STRATEGIC LEADER with a track record of solving complex organizational challenges through people-related solutions that enhance organizational effectiveness and efficiencies, manage competing interests, and build relationships while bridging differences, resulting in increased performance and sustained cross-organizational impact.


Here are some bullet points I used on my resume:


  • Organizational Effectiveness: Overhaul an inherited unproductive and ineffective team through implementing 360 reviews, coaching current staff to a superior level of task maturity, creating employee engagement and learning programs and generating renewed energy and commitment from team, which turned the business unit into one of Viacom’s most effective cross company functions.

  • Coaching and Developing Leaders: Coach team and executives on critical business decisions impacting shows’ operations and talent strategies to drive organizational effectiveness and talent engagement in alignment with company’s vision and objectives during continual change and transition.

  • Sound Judgment: Empower bi-coastal diverse team which provides sound guidance to all company business units on more than 1000 projects annually in substance areas, including but not limited to, crisis and risk management, labor and employment issues, background checks, psychological and medical evaluations, immigration, foreign travel, child labor, OSHA and other regulatory compliance.

  • Developing Competencies: Developed in house competencies in immigration and child labor to create process efficiencies and reduce external expert costs by more than 20%.


I did not do any of the above companywide. I did them within my small team but was able to show through keywords (bold) that I understood the overall concepts of what I’d be doing in HR.

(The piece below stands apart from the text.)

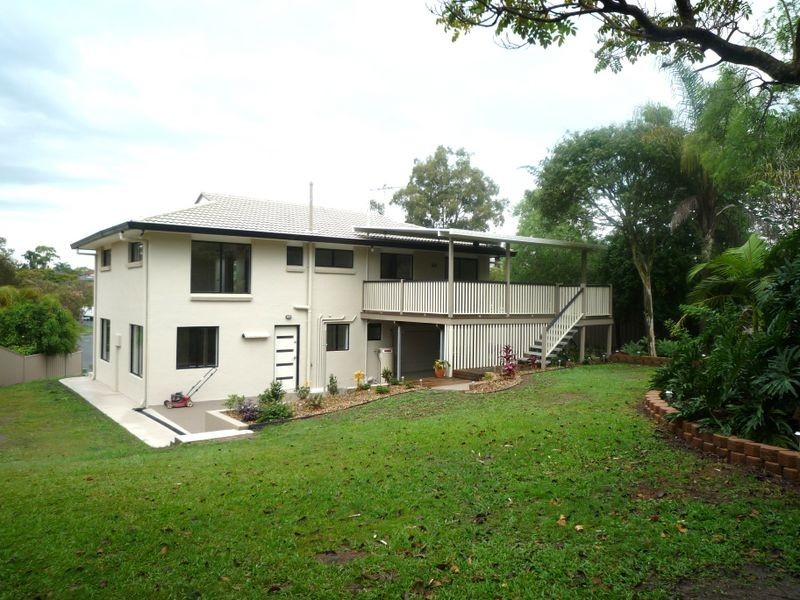 8 Privet Place, Mansfield QLD 4122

Step 4: Leave off accomplishments not relevant to the new job. That’s right, I’m giving you permission to leave off your greatest accomplishment or advanced degrees if you can’t view them through the lens of the new job. For example, I considered lobbying the US legislature to include immigration language to allow reality show participants to participate in specific shows on a visitor’s visa versus a work visa. The bill eventually failed to become a law, but it was a huge accomplishment (in my mind) and months of work to get the language in the bill. It is nowhere on my resume or on my LinkedIn because it was not relevant to HR, which was the career I was transitioning into. If you can’t translate your accomplishments through the language and lens of the new job, it is not relevant and will only confuse recruiters as to whether you understand the new job.


Your challenge

Develop your resume, talk track for interviews and overall presence to create a look, feel and sound of someone who understands the new job, speaks the language of the new job and career, and can do the new job, even if you have never done the new job before. Connect all of your skills and capabilities to the new job for recruiters and hiring managers to demonstrate how you will bring value to the job in a way they need or don’t even know they need until they talk to you.